Part of enabling increased choice and control for people is allowing risks to be taken, and managed, in a way that achieves their outcomes. Enabling risk is a way to maximise people’s choice and control over both their support and lives. Providers sometimes face challenges in changing their organisational culture and approach to risk taking, often opting for more risk-averse ways of doing things. Positive approaches to risk enablement feature a clarity amongst staff as to what is acceptable and a focus on continued person-centredness. Some tips for providers around risk include:
- Using ordinary language to talk about risk – what are we worried about? How worried are we? What can we do to worry less?
- Develop the right tools for carrying out risk assessments and supporting risk.
- Promote positive risk taking to focus on outcomes and enabling choice.
- Acknowledge new care standards and Care Inspectorate thematic inspection.
- Involve people receiving support in decision making.

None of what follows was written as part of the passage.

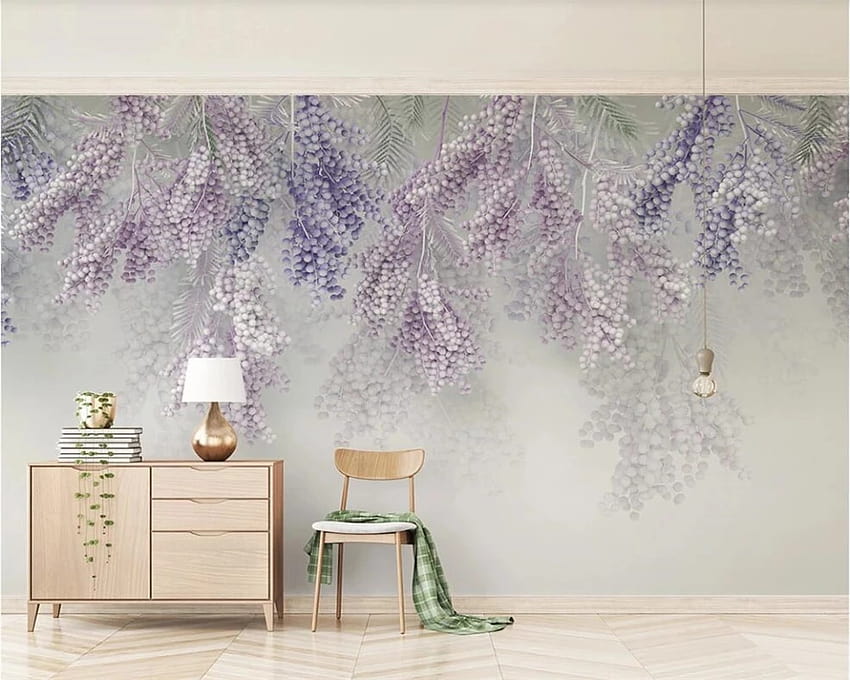 beibehang Custom hand painted new small fresh lilac fruit 3d stereo TV backgrounds home decor HD wallpaper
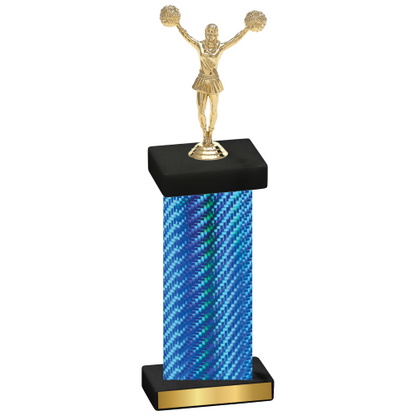 Single Blue Carbon Fiber Cheerleading Trophy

- Share responsibility for risk between all stakeholders (provider, local authority, supported person and third parties).
The resulting support plan will give consideration to any risk involved in the identified outcomes along with the person’s needs and the support required to meet these. The supported person might prefer the provider to take the lead in the planning process, though input may also come from family, a social worker, an advocate or other involved third parties.
Good conversations encourage people to take control and make decisions about their care and support. Some useful questions to consider when planning and reviewing a support plan include:
- What and who is important to the person receiving support?
- Where do they go to find the information they need?
- What are the main things they can do without support?
- What are the main risks they face? How can these be managed?
- What kind of things do they want to do?
- How do they want their support arranged?
The plan should focus on flexibility, personalised and outcomes based support and should be available to the supported person in a way that is meaningful to and helpful for them. To keep up with any changes in circumstances, the support plan should be regularly reviewed, giving the individual an opportunity to express what is working well and what needs to be changed.
Again, providers will want to ensure the person is aware that they can change how their support is delivered, arranged and paid for and that they are always at the centre of this process. This will help to achieve the best possible outcomes for the supported person.